**What to do:** Please repeat the entire listing verbatim and keep the pictures out.

**Supplied data:**
····················

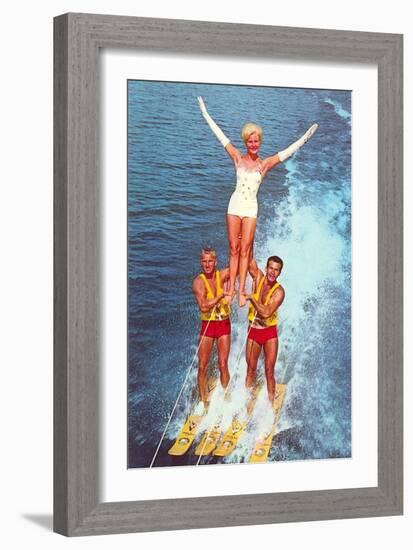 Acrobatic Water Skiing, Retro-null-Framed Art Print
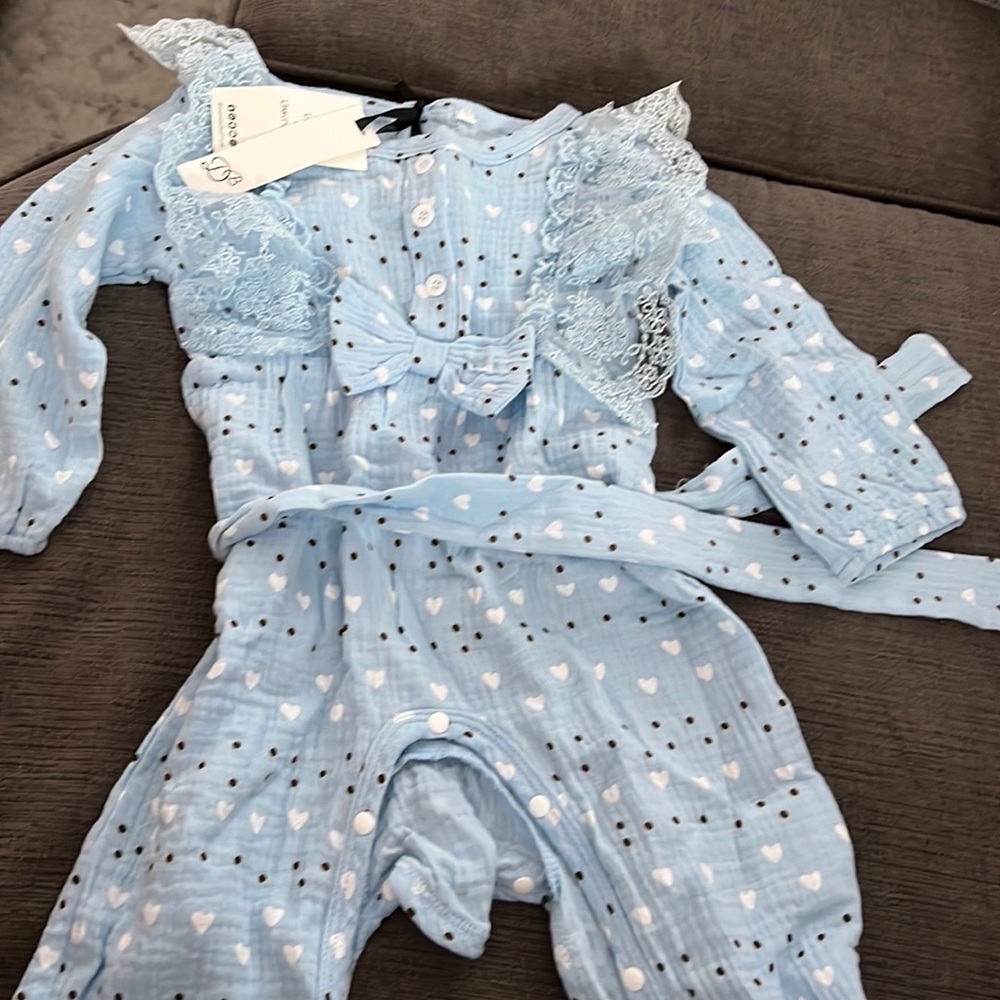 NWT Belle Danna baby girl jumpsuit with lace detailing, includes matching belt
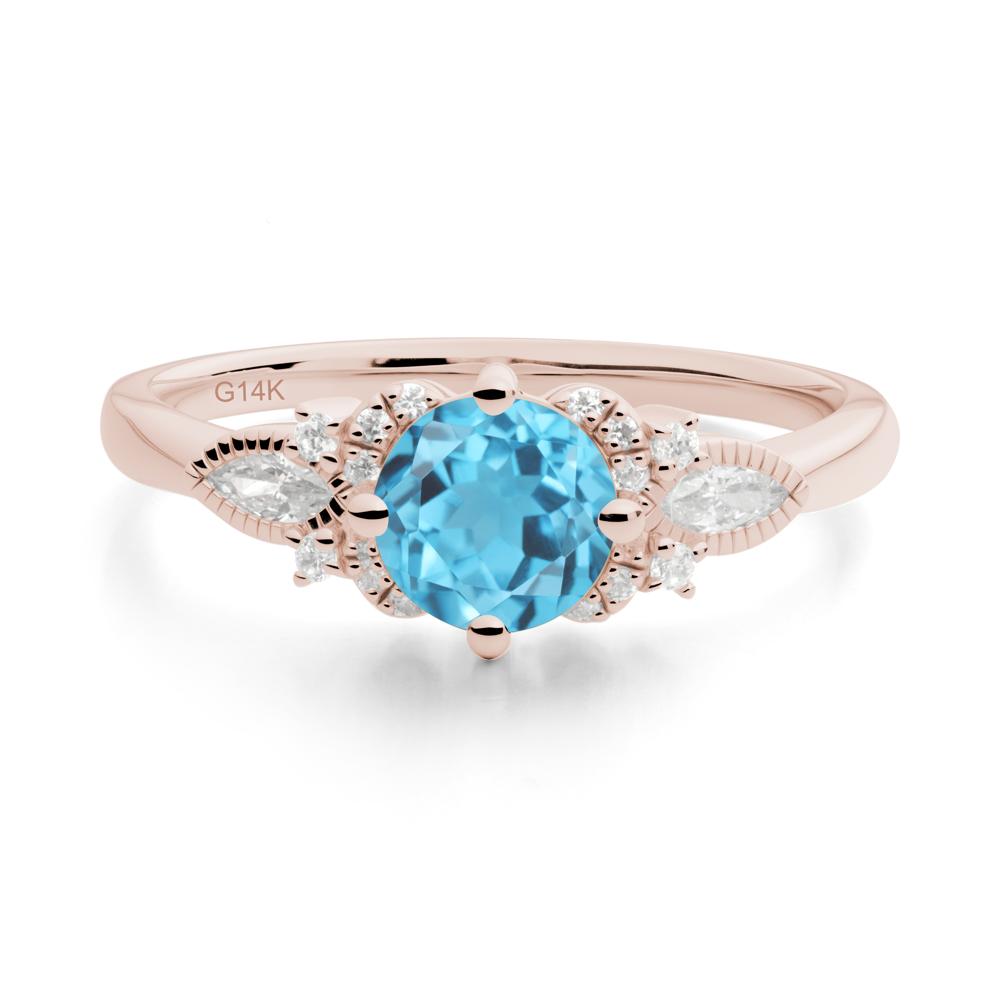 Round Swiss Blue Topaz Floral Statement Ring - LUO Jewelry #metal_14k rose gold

····················

**Result for this task:**
 Acrobatic Water Skiing, Retro-null-Framed Art Print
 NWT Belle Danna baby girl jumpsuit with lace detailing, includes matching belt
 Round Swiss Blue Topaz Floral Statement Ring - LUO Jewelry #metal_14k rose gold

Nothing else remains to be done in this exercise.